Multiple linear regression does a better job in predicting outcomes than simple linear regression because multiple regression uses an additional bit of information to compute the exact weights for each predictor. Multiple regression knows the correlation of each predictor with the other predictors and uses that to create more accurate weights.

This bit of complexity is necessary because if the predictors are related to each other, they share some information. They aren't really independent sources of prediction if they correlate with each other. To make the regression equation as accurate as possible, statistical procedures remove the shared information from each predictor in the equation. This produces independent predictors that come at the criterion from different angles, producing the best prediction possible.

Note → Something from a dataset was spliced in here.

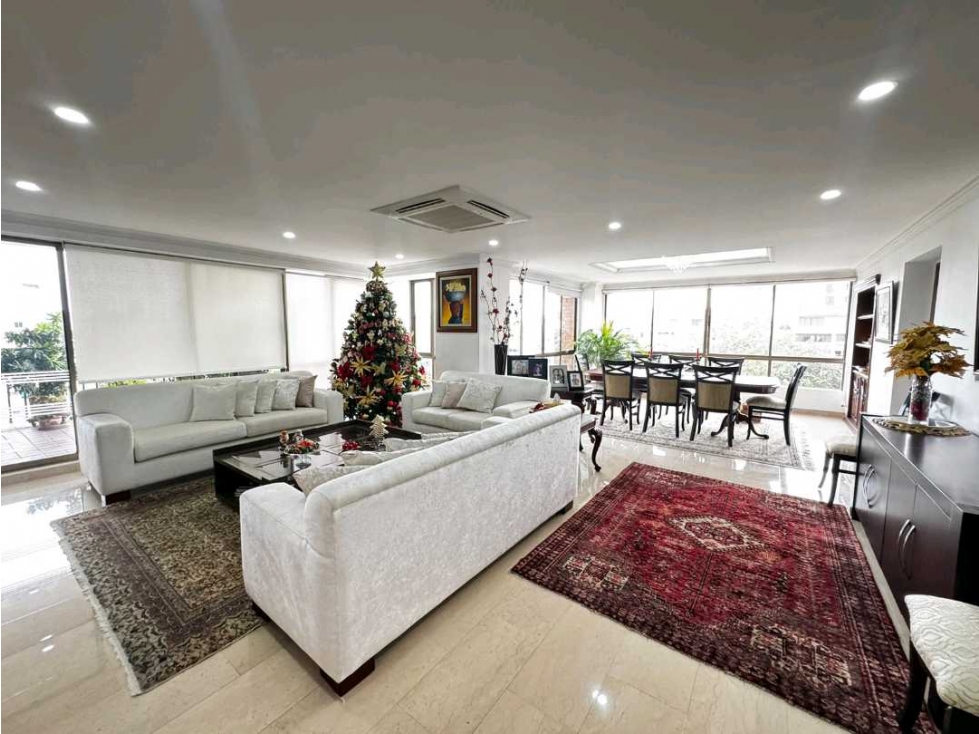VENDO ESPLÉNDIDO APARTAMENTO EN ALTO PRADO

Imagine two predictor variables that correlate perfectly with each otherthat is, correlation equals 1.00. Using both variables in a regression equation would be no more accurate than using just one (doesn't matter which one) by itself. By extension, any overlap between predictors (i.e., any correlation between predictors greater or less than 0.00) is redundant information.

Figure 2-3 illustrates the use of multiple sources of independent information to estimate a criterion score.

Figure 2-3. Multiple predictors in multiple regression

The correlation information used to determine the weight for each predictor in multiple regression is not the one-to-one correlation between a predictor and the criterion. Instead, it is the correlation between a predictor and the criterion when the overlap among all the predictors has been removed.

This process produces predictor variables that are somewhat different than the actual measure variables. By statistically removing (or controlling for) the shared information among predictors, the predictors are conceptually different than they were before. As Figure 2-3 shows, now they are independent predictors with a different "shape." The correlations between these altered variables and the criterion variable are used to produce the weights.

Correlations between predictor variables and a criterion variable when all the redundant shared information has been statistically removed from the predictors are called partial correlations. Partial correlations are the one-on-one correlations you would get between each predictor and the criterion if the predictor variables do not correlate with each other.

Where Else It Works

Multiple regression is used every day by real people in the real world for one of two reasons. First, multiple regression allows for the construction of a prediction equation, so people can use scores on a group of variables that they have in front of them to estimate a score on another variable that they cannot have in front of them (because it is either in the future or cannot be measured easily for some reason). This is how the tool of multiple regression is used to solve problems in the world of applied science.

Multiple regression also allows for examination of the independent contribution that a group of variables make to some other variable. It allows us to see where there is information overlap among variables and build theories to understand or explain that overlap. This is how the tool of multiple regression is used to solve problems in the world of basic science.